» Required action
Leaving pictures out, repeat word for word the line that has "For Samsung Galaxy" and each line that follows it to the end of the listing.

» Data for this exercise

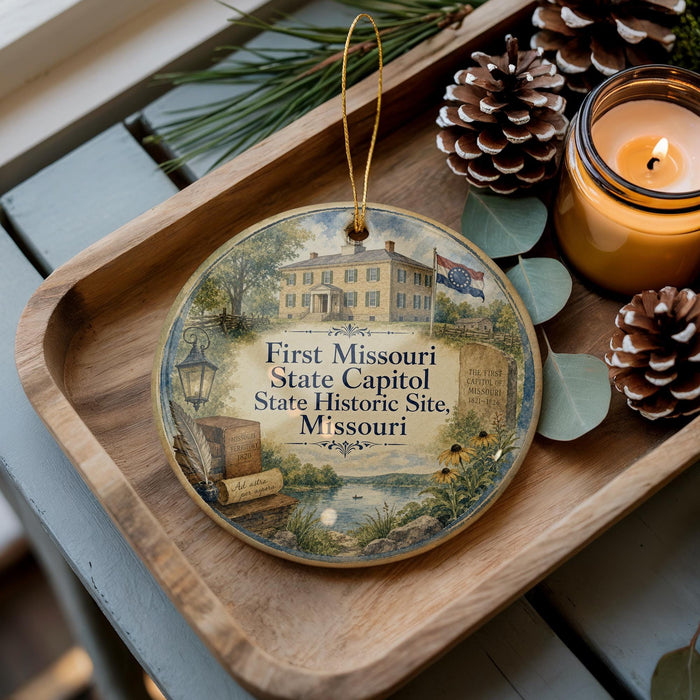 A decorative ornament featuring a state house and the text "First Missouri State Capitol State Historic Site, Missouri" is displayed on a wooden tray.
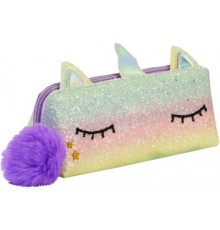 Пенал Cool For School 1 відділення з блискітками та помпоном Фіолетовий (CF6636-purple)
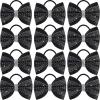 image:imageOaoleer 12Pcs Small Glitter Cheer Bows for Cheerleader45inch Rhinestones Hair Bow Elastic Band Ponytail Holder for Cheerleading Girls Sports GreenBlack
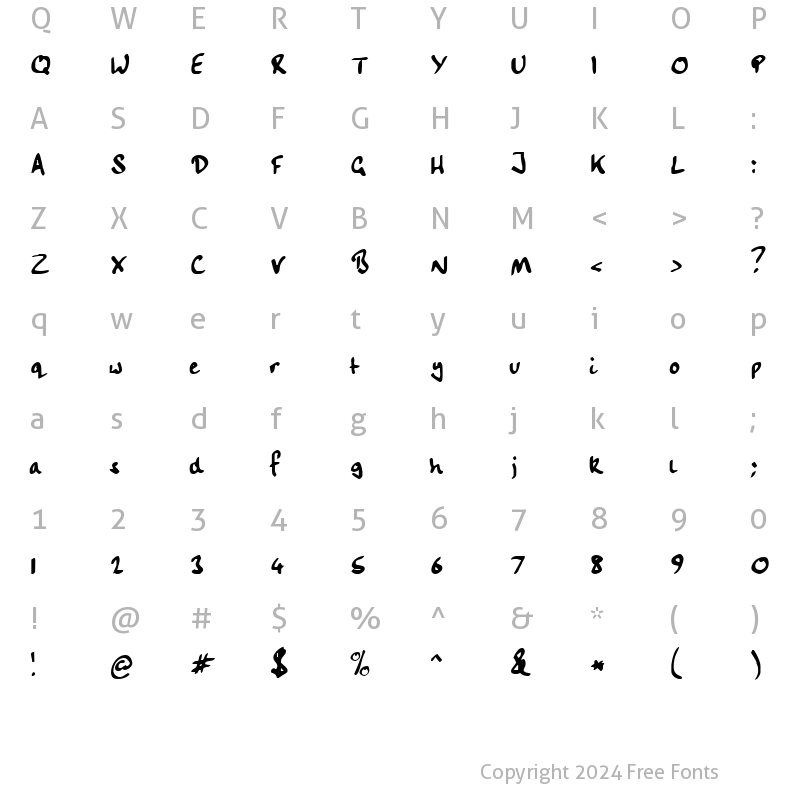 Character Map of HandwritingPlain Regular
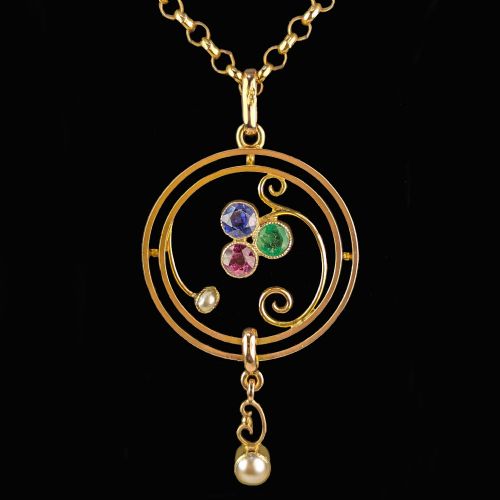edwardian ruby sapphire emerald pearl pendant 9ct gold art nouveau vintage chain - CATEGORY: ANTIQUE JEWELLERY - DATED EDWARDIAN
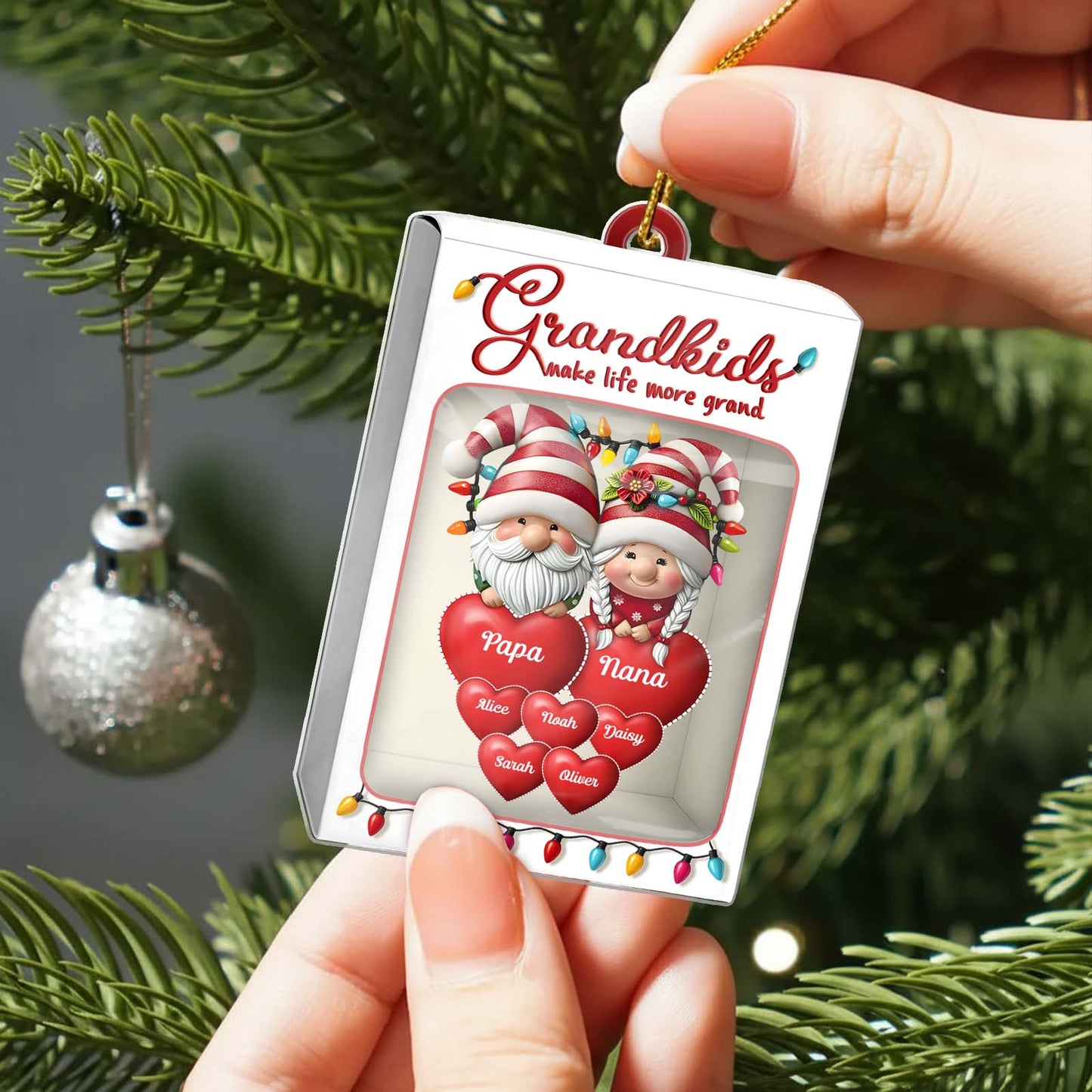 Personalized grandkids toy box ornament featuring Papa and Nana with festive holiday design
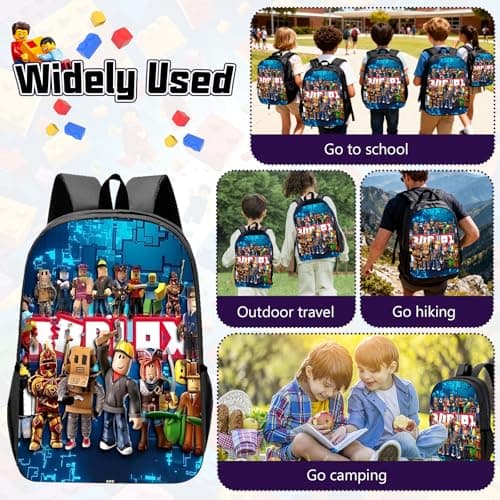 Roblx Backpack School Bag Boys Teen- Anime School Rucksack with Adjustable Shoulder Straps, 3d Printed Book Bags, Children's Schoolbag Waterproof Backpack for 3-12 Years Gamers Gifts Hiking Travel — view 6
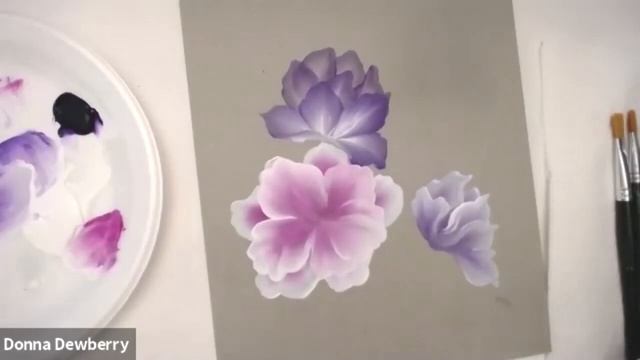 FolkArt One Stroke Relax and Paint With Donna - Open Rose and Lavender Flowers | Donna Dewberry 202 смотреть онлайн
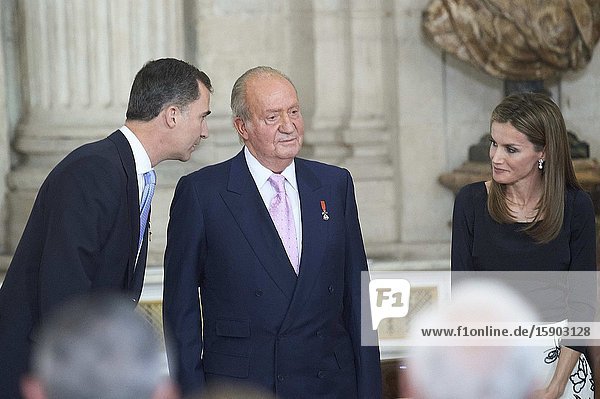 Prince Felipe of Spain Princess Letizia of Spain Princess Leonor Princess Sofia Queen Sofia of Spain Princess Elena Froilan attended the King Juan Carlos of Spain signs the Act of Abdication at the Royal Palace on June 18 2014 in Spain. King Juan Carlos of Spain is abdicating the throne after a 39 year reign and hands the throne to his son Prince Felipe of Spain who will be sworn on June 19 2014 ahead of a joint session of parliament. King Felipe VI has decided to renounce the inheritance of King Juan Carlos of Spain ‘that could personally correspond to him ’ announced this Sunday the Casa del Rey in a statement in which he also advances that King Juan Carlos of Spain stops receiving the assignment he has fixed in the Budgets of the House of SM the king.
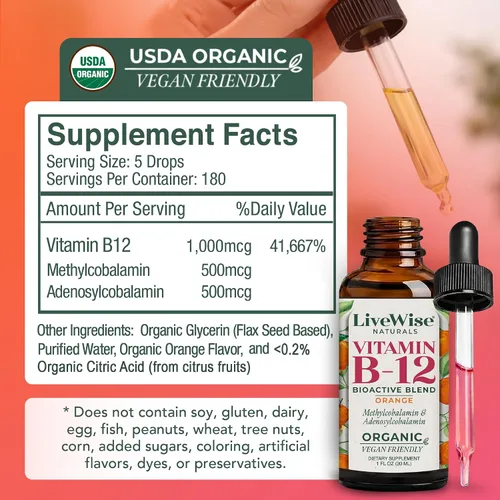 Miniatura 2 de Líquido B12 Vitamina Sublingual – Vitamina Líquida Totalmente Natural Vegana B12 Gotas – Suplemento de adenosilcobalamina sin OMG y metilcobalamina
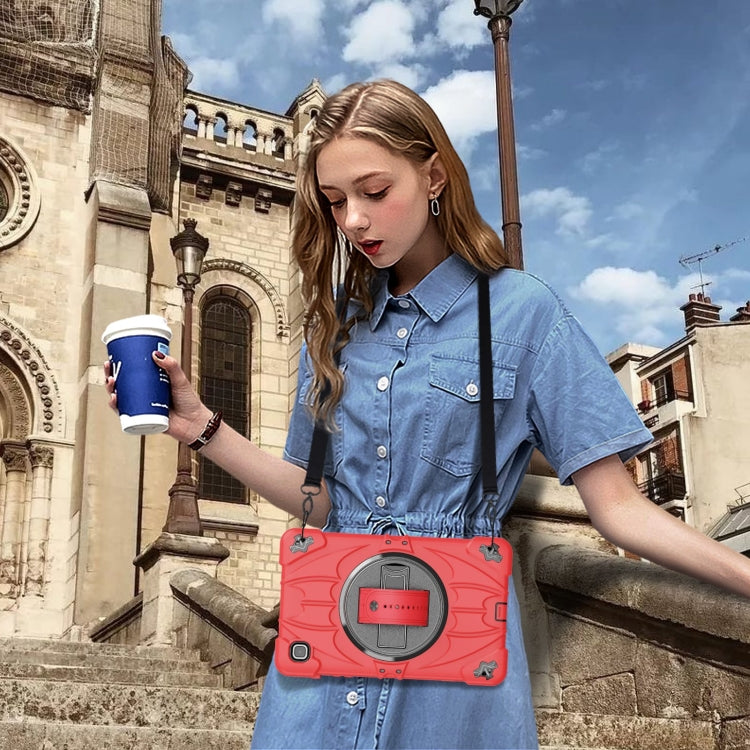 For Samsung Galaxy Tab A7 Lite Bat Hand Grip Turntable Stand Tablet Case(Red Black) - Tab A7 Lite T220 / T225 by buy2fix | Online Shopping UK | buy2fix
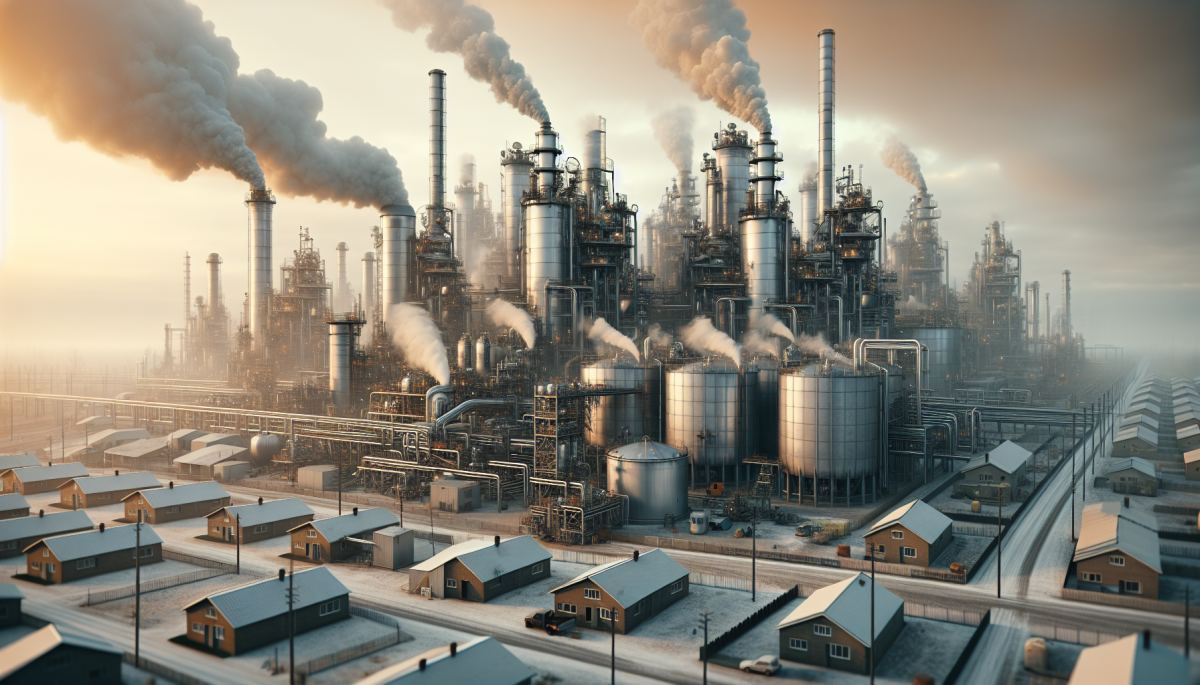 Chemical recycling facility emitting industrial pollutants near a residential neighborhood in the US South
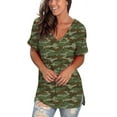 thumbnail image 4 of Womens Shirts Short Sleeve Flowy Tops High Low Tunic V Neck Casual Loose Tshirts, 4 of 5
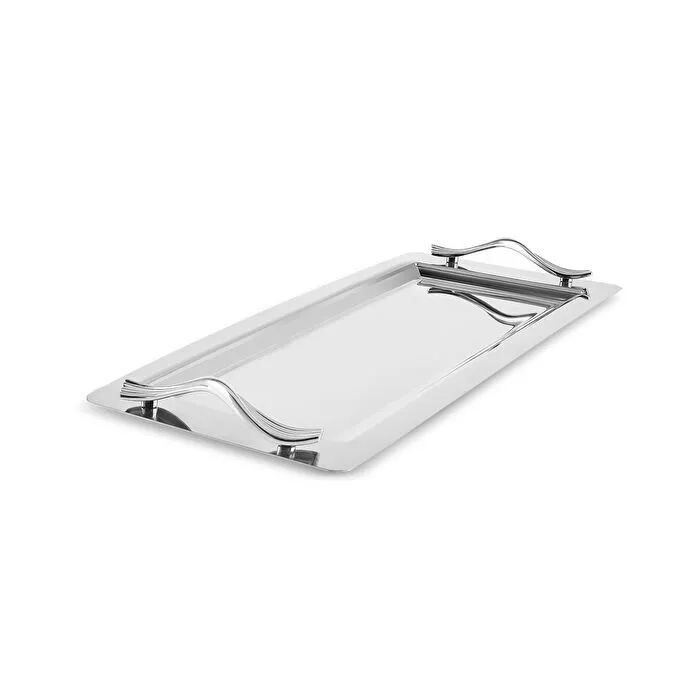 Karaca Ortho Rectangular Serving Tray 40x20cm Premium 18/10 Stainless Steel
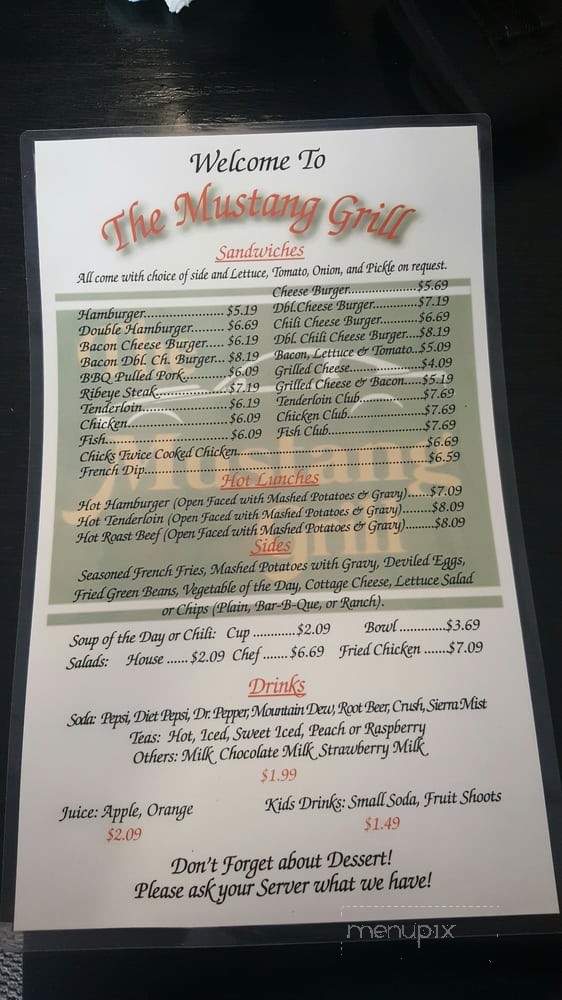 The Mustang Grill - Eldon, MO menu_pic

» Written response
 For Samsung Galaxy Tab A7 Lite Bat Hand Grip Turntable Stand Tablet Case(Red Black) - Tab A7 Lite T220 / T225 by buy2fix | Online Shopping UK | buy2fix
 Chemical recycling facility emitting industrial pollutants near a residential neighborhood in the US South
 thumbnail image 4 of Womens Shirts Short Sleeve Flowy Tops High Low Tunic V Neck Casual Loose Tshirts, 4 of 5
 Karaca Ortho Rectangular Serving Tray 40x20cm Premium 18/10 Stainless Steel
 The Mustang Grill - Eldon, MO menu_pic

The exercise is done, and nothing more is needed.